April 1, 2009
This article was contributed by Goldwyn Rodrigues
The kernel page cache contains in-memory copies of data blocks
belonging to files kept in persistent storage.
Pages which are written to by a processor, but not yet written to disk, are
accumulated in cache and are known as "dirty" pages. The amount of
dirty memory is listed in
/proc/meminfo. Pages in
the cache are flushed to disk after an interval of 30 seconds. Pdflush
is a set of kernel threads which are responsible for writing the
dirty pages to disk, either explicitly in response to a
sync() call, or
implicitly in cases when the page cache runs out of pages, if the
pages have been in memory for too long, or there are too many dirty pages
in the page cache (as specified by
/proc/sys/vm/dirty_ratio).
At a given point of time, there are between two and eight pdflush threads running in the
system. The number of pdflush threads is determined by the load on the
page cache; new pdflush threads are spawned if
none of the existing pdflush threads have been idle for more than
one second, and there is more work in the pdflush work queue.
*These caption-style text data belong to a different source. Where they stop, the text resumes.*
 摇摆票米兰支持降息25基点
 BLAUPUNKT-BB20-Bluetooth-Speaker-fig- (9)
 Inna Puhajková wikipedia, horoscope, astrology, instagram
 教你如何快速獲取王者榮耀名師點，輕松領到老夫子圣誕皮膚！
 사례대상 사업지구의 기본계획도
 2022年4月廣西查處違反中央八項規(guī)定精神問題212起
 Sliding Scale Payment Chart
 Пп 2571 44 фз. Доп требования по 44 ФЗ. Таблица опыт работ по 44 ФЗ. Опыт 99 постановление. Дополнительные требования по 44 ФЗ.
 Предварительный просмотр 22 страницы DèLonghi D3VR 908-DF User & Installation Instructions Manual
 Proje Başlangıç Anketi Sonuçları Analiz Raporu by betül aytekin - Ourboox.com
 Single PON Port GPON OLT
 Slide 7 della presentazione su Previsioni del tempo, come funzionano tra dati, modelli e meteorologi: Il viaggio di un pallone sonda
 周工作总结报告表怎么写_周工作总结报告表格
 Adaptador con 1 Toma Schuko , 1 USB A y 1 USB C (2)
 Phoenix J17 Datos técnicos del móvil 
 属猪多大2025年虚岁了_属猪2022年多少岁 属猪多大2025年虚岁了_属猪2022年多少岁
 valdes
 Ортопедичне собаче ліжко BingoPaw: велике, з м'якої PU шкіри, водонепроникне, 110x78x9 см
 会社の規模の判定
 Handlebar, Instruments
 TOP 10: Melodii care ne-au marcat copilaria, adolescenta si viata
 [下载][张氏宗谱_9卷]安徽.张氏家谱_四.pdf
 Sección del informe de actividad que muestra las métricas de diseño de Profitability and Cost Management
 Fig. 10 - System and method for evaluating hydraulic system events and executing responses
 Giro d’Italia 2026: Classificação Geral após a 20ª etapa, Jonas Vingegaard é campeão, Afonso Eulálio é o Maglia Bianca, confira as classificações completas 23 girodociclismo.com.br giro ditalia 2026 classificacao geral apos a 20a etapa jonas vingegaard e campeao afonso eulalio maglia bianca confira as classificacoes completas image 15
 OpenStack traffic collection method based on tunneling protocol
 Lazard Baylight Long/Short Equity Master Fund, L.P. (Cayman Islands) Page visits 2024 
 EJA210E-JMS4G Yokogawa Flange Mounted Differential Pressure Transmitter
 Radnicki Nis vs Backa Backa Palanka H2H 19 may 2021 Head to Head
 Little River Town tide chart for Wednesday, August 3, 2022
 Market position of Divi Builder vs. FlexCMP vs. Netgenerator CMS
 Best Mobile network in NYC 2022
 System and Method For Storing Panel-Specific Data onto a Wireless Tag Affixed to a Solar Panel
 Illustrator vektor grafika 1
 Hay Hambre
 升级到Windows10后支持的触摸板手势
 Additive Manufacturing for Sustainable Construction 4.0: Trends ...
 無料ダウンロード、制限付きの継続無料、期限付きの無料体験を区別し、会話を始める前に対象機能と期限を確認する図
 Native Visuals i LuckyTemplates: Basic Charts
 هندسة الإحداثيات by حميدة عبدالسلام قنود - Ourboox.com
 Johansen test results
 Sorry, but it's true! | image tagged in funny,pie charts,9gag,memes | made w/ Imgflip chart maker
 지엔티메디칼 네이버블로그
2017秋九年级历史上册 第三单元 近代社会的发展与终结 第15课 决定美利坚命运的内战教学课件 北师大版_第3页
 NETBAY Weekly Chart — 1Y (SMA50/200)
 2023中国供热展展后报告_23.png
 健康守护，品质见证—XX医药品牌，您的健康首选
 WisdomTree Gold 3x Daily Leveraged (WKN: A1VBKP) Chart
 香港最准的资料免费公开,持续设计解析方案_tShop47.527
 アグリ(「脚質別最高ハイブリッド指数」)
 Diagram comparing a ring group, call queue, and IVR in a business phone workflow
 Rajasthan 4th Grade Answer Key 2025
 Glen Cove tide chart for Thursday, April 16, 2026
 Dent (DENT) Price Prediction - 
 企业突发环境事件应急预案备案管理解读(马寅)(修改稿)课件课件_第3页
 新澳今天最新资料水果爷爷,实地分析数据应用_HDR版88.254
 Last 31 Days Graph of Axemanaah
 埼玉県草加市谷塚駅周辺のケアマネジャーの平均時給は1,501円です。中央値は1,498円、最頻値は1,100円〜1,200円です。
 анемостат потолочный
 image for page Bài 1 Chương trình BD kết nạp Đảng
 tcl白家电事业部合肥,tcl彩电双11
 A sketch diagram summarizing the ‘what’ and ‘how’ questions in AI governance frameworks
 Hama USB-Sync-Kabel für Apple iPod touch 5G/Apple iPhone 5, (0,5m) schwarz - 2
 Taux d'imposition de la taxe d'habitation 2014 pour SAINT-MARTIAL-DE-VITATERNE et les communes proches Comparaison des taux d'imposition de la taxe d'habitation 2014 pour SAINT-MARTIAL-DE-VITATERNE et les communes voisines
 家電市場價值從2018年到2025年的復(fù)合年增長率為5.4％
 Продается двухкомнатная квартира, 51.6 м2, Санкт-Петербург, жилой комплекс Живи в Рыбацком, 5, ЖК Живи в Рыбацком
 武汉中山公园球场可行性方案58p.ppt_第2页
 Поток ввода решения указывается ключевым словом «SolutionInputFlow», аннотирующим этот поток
On the other hand, if the last active pdflush thread has been asleep
for more than one second, one thread is terminated. Termination of
threads happens until only a minimum number of pdflush
threads remain. The current number of running pdflush threads is
reflected by /proc/sys/vm/nr_pdflush_threads.
A number of pdflush-related issues have come to light over time.
Pdflush threads are common to all block devices, but it is thought that
they would perform better if they concentrated on a single disk spindle.
Contention between pdflush threads is avoided through the use of the
BDI_pdflush flag on the backing_dev_info structure, but
this interlock can also limit writeback performance.
Another issue with pdflush is
request starvation. There is a fixed number of I/O requests available for each
queue in the system. If the limit is exceeded, any application
requesting I/O will block waiting for a new slot. Since pdflush works on several
queues, it cannot block on a single queue. So, it sets the
wbc->nonblocking writeback information flag. If other applications continue to write on the
device, pdflush will not succeed in allocating request slots.
This may lead to starvation of
access to the queue, if pdflush repeatedly finds the queue congested.
Jens Axboe in his patch set proposes a new
idea of using flusher threads per backing device info (BDI), as a
replacement for
pdflush threads. Unlike pdflush threads, per-BDI flusher threads focus
on a single disk spindle. With per-BDI flushing, when the
request_queue is congested, blocking happens on request allocation,
avoiding request starvation and providing better fairness.
With pdflush, The dirty inode list is stored by
the super block of the filesystem. Since the per-BDI flusher needs to
be aware of the dirty pages to be written by its assigned device, this list is now stored by the BDI.
Calls to flush dirty inodes on the superblock result in flushing the
inodes from the list of dirty inodes on the backing device for all
devices listed for the filesystem.
As with pdflush, per-BDI writeback is controlled through the
writeback_control data structure, which instructs the writeback code
what to do, and how to perform the writeback. The important fields of this
structure are:
- sync_mode: defines the way synchronization should be performed
with respect to inode locking. If set to WB_SYNC_NONE, the writeback
will skip locked inodes, where as if set to WB_SYNC_ALL will wait for
locked inodes to be unlocked to perform the writeback.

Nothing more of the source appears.